(Beginning of Data provided)

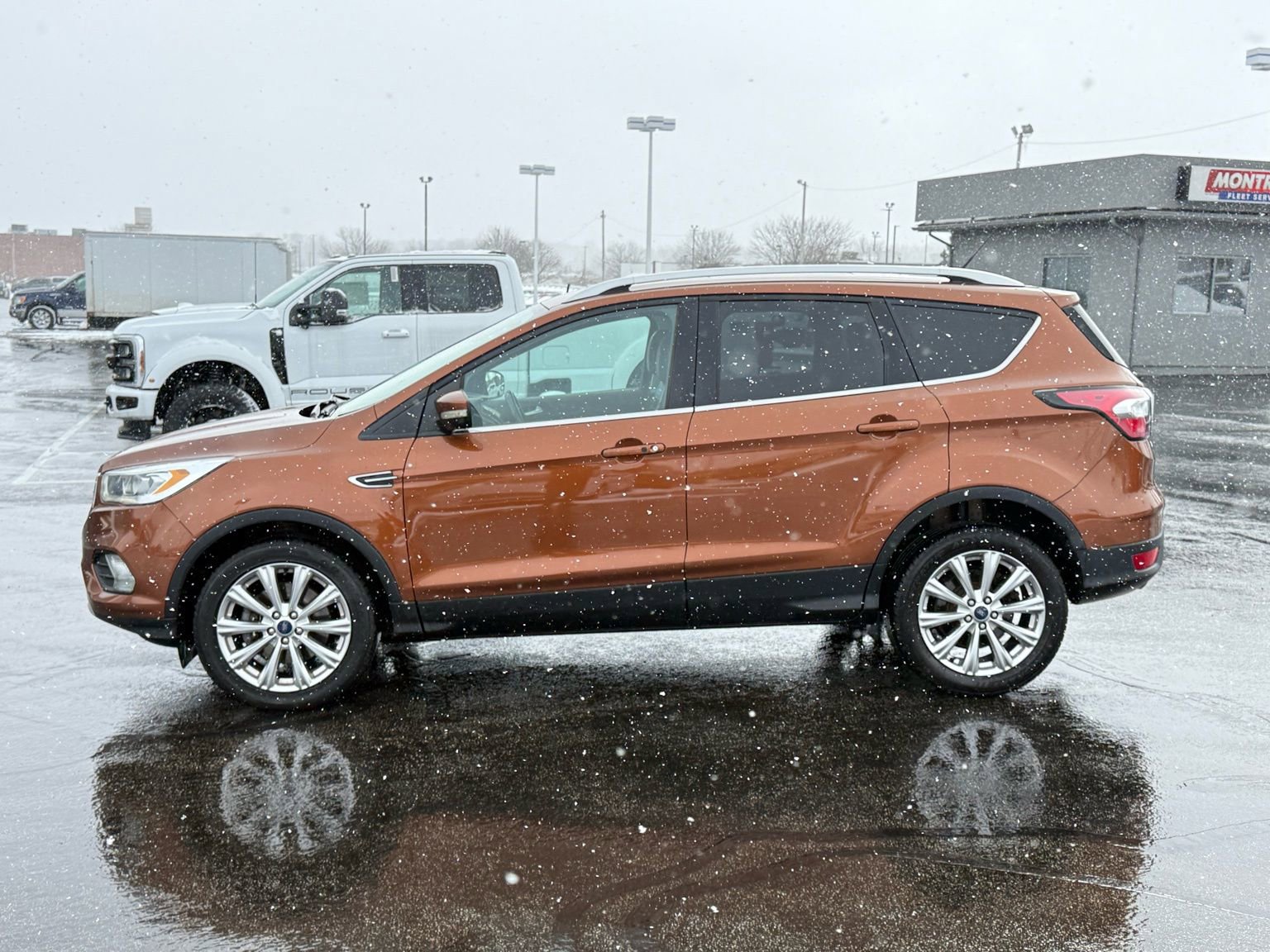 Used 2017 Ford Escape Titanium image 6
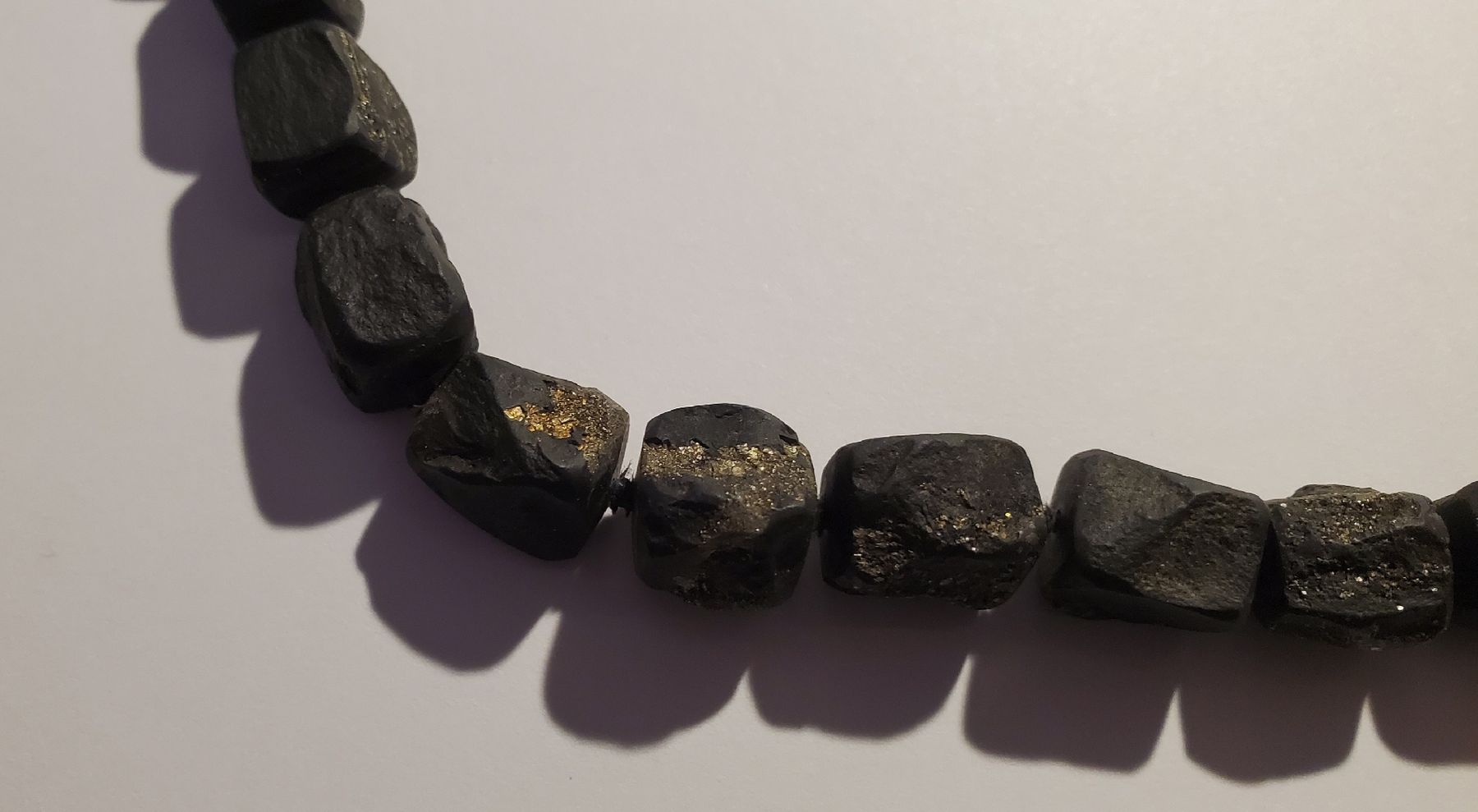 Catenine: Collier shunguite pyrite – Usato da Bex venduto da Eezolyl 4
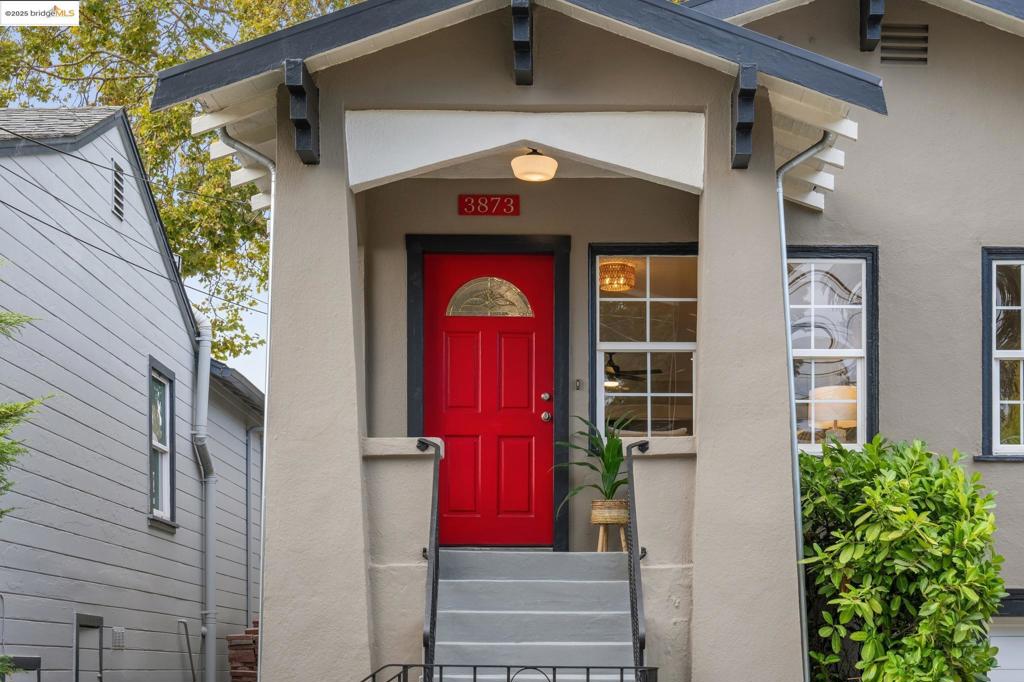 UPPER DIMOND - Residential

(End of Data provided)

■ Task requirements
Each line above should be returned exactly as written, apart from any pictures.

■ Exercise answer
 Used 2017 Ford Escape Titanium image 6
 Catenine: Collier shunguite pyrite – Usato da Bex venduto da Eezolyl 4
 UPPER DIMOND - Residential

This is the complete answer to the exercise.